Depending on their operating principles, there exist two kinds of touch panels, i.e., resistive touch panels and capacitive touch panels, and currently the latter has been widely used in electronic products. The capacitive touch panel, which operates by means of an induced current of a human body, may sense a touch signal through the combination of the characteristics of human body and electrodes. When the panel is touched by the human body (e.g., a finger), a coupling capacitance is generated between the finger and a conductive layer of the touch panel due to the existing of an electric field of the human body, and the current generated by the electrode on the touch panel will flow toward a contact point, so it is able to calculate a position of the touch point accurately.
Usually, a conductive film of the touch panel, as a part of great importance, includes a conductive layer and an insulating base material. The conductive layer is usually made of indium tin oxide (ITO) and formed on the insulating base material through vacuum-evaporation, patterning and etching. Then, the conductive film is adhered onto a transparent glass panel by an adhesive layer, so as to form the touch panel.

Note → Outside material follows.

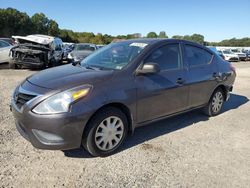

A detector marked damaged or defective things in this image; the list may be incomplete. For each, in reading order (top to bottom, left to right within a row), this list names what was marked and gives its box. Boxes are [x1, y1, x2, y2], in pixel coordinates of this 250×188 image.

However, indium is scarce and expensive, so ITO is very expensive. In addition, when ITO is applied onto a surface of the entire insulating base material and then patterned and etched, a great quantity of ITO will be wasted, so the production cost of the conductive layer will increase remarkably.
In order to overcome these defects, a new-generation touch technique called “metal mesh” has been presented, where a metal mesh made of silver, instead of ITO, is arranged on the base material so as to form the conductive layer. However, the existing metal-mesh-type touch panel is of a single structure and non-compatible with a capacitance of a market-available touch driver chip, so the application of this kind of touch panel is limited.